The practical problem with estimating :eq:`hccost_total` is that the sample size for several conditions in the 
Échantillon généraliste des bénéficiaires (EGB) dataset in France is too small for two-part model 
estimation with interactions. Predicting costs using :eq:`hccost_total` is even more problematic if we want 
to take into account the information on the length of time since diagnosis contained in the EGB dataset. 
Therefore, it was decided that the total healthcare costs in France (and for consistency in all other 
countries) will be predicted by separately estimating each component listed in :eq:`hccost_main`, as 
described in the sections that follows. 

:eq:`hccost_total` can be estimated using the sample of people with positive costs using multivariate gamma regression
with a log link (see :cite:p:`Thiebaut2013` for the choice on appropriate econometric 
specification for France). 

For example, the total predicted healthcare cost for a person aged 55 with no modelled diseases and 
with positive costs would be equal to:

.. math:: 

   E(C|C>0) = exp(\hat\alpha + {\hat\beta}_{50-55})
    

For a person with diabetes of the same age, the total predicted cost in this sample would be equal to:

.. math:: 
 E(C| C>0, diabetes=1) = exp(\hat\alpha + {\hat\beta}_{50-55} + {\hat\gamma}_{diabetes}) 
 

For a person with both diabetes and cancer, the total cost in the sample of people with positive costs can be predicted as:

.. math:: 
 E(C|C>0, diabetes=1, cancer=1) = exp(\hat\alpha + {\hat\beta}_{50-55} + {\hat\gamma}_{diabetes} + {\hat\gamma}_{cancer} + {\hat\gamma}_{diabetes*cancer})

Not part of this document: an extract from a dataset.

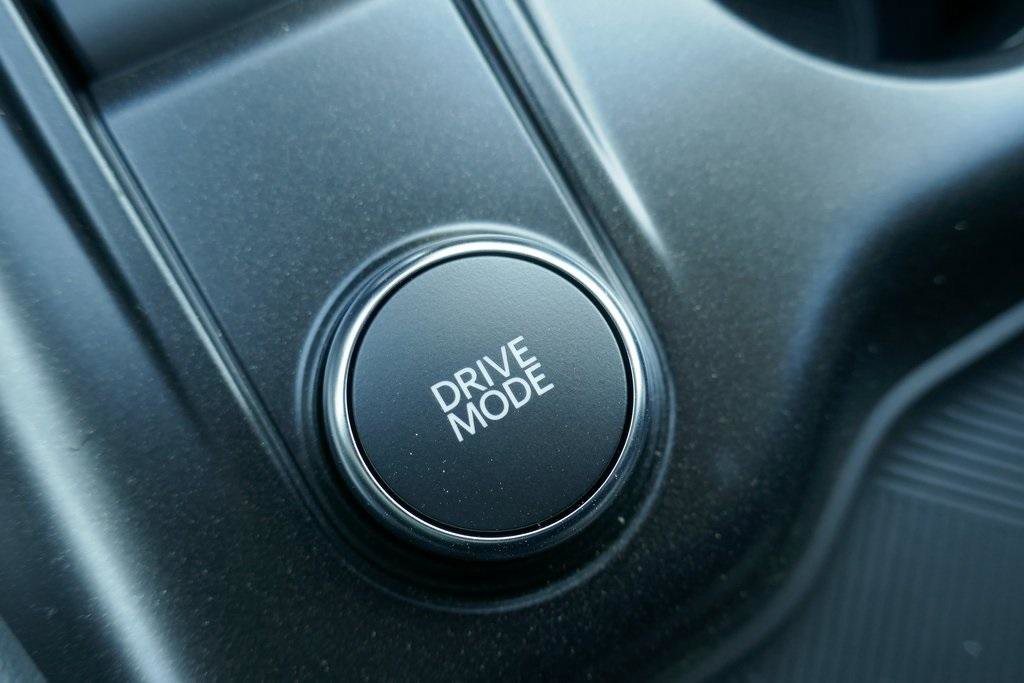 New 2025 Ford Explorer Active w/ Active Comfort Package image 18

To make sure that these predicted costs are representative not just of the people with positive 
healthcare costs, but of all people with the diagnosed conditions, an adjustment is made 
by multiplying these costs by the probability of having positive healthcare costs. 
For example, the total predicted cost for a person with diabetes is:

.. math:: 
   E(C|diabetes=1) = P(C>0) \cdot E(C|C>0), diabetes=1)

The first part of this two-part model estimator can be estimated using logit regression:

.. math:: 
   P(C>0) = \Phi(a+b \cdot {AGE}_{cat})

Where: 

 * :math:`\Phi` is the cumulative standard logistic distribution function.